_WHAT TO WORK ON_
Retype exactly the lines of the listing below from the one with "SAN MARINO: Yvert" through the last, both included, and leave every picture out.

_DATA FOR THE TASK_
*** Block opens ***

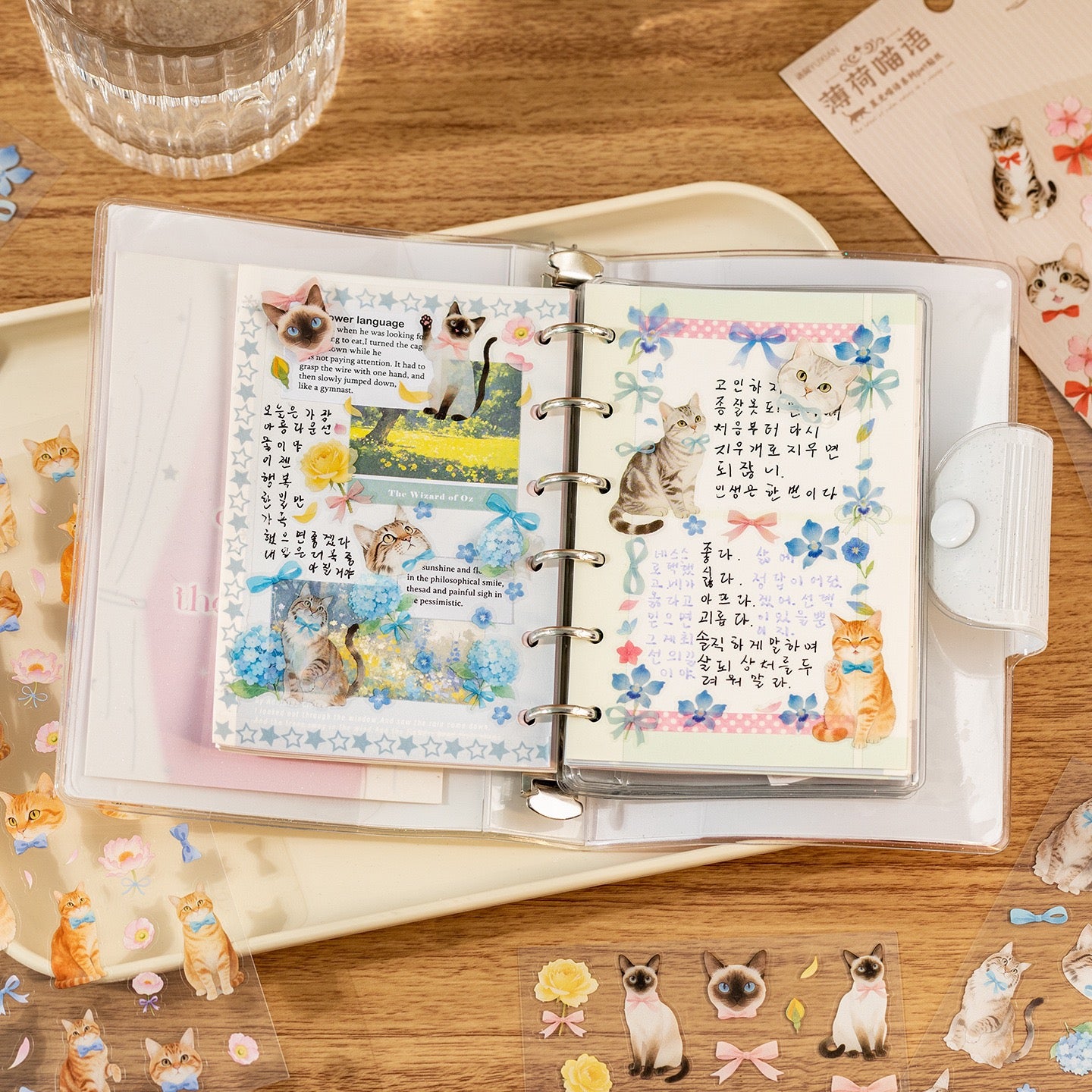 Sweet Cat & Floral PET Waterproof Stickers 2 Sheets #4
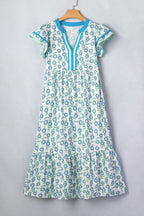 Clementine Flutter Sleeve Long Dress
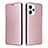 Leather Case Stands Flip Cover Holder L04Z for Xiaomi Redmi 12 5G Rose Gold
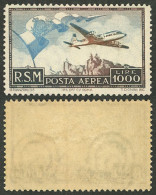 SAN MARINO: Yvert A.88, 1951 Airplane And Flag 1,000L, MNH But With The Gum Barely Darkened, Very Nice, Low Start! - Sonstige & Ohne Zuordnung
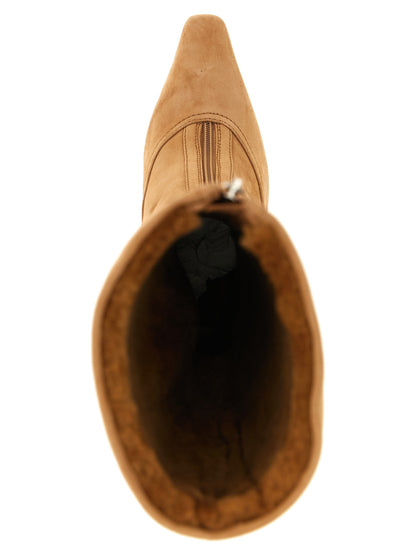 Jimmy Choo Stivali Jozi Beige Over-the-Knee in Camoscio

*** Block closes ***

_SOLUTION FOR THIS TASK_
 SAN MARINO: Yvert A.88, 1951 Airplane And Flag 1,000L, MNH But With The Gum Barely Darkened, Very Nice, Low Start! - Sonstige & Ohne Zuordnung
 Jimmy Choo Stivali Jozi Beige Over-the-Knee in Camoscio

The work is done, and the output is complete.